Впервые за все время Сартин улыбнулся.
– Они его тотчас заметили и, в свою очередь, стали за ним следить. Тем временем, обеспокоенный моим интересом к архивам Ост-Индской компании, этот человек, увы, зверски расправился с тем, кто вызвался помочь мне отыскать сведения о кораблях, отбывавших на Восток. Совершив убийство, он вырвал из рук своей жертвы, архивариуса Белома, листок из реестра; однако по остаткам листа, зажатым в руке убитого, мы сумели узнать то, что нас интересовало. Наши шпионы проследили за ним до самого дома на улице Вандом, вплотную примыкающего к ограде квартала Тампль…
Ленуар закашлялся еще более выразительно, а Ла Врийер заерзал в кресле.
– След оказался правильным. Капуцин угрожает мне, я стреляю, промахиваюсь, и он убегает. Обыскивая дом, я натыкаюсь на кобру, она нападает на меня, и только вмешательство Наганды спасает меня от ужасной смерти.
– Да, да, да, – произнес Ла Врийер, – это тот самый алгонкин, которого высоко ценил наш покойный король. Так он вернулся?
– Да, сударь; король пригласил его на коронацию в Реймс.
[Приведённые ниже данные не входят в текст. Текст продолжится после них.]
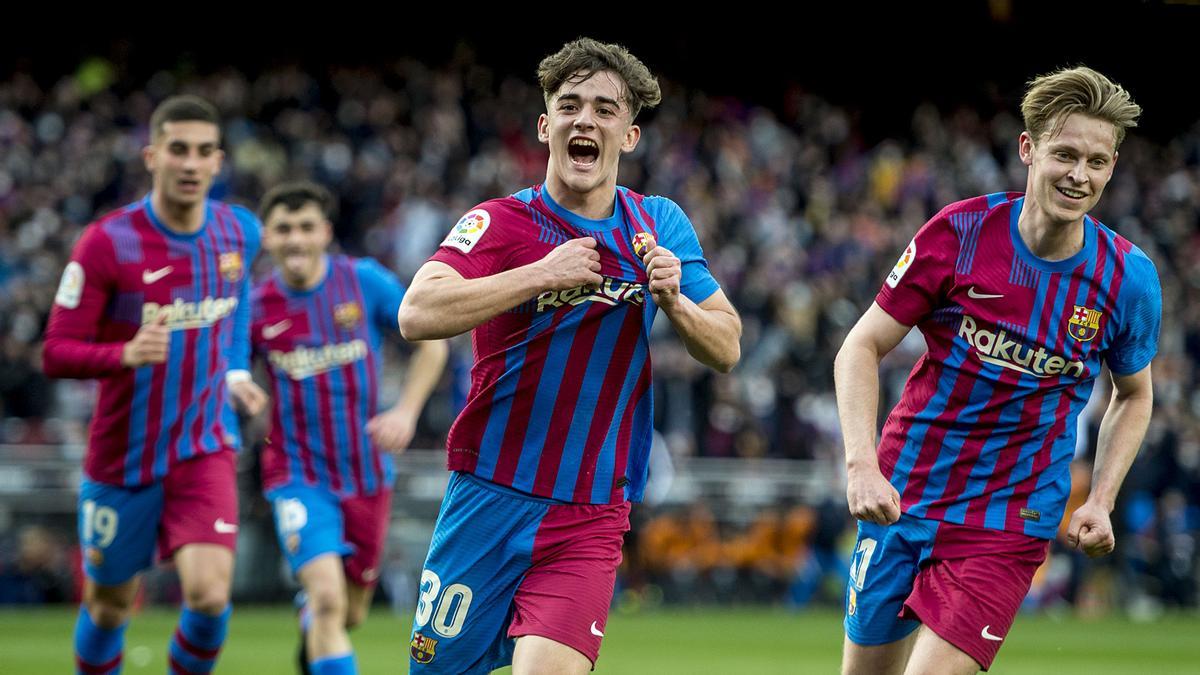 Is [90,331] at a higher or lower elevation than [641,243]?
lower

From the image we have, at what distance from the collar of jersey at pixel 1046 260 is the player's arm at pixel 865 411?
477 mm

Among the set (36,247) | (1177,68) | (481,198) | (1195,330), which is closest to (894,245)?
(1195,330)

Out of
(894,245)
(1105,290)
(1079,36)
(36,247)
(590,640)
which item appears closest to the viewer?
(590,640)

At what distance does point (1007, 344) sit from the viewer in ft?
18.2

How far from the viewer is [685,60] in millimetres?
27656

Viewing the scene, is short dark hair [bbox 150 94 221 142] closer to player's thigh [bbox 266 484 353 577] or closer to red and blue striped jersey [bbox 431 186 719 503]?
player's thigh [bbox 266 484 353 577]

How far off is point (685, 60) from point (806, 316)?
27.8 ft

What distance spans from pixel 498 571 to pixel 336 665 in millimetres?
3068

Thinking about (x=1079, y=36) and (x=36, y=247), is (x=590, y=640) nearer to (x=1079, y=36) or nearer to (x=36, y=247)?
(x=36, y=247)

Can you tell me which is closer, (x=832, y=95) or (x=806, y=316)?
(x=806, y=316)

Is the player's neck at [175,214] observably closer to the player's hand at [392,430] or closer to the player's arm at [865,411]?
the player's hand at [392,430]

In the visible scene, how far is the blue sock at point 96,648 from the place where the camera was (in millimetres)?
7492

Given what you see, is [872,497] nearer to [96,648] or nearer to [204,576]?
[204,576]

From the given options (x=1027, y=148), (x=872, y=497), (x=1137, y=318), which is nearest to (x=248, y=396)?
(x=872, y=497)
– Работа нашего несравненного полицейского, риск, которому он постоянно подвергается, заслуживают восхищения, – воскликнул Сартин. – Однако мы по-прежнему не знаем главного. Кто этот капуцин? Мы понимаем, что речь наверняка идет об Энефьянсе, но под каким именем он здесь? Надеюсь, вы его нашли? Его надо арестовать.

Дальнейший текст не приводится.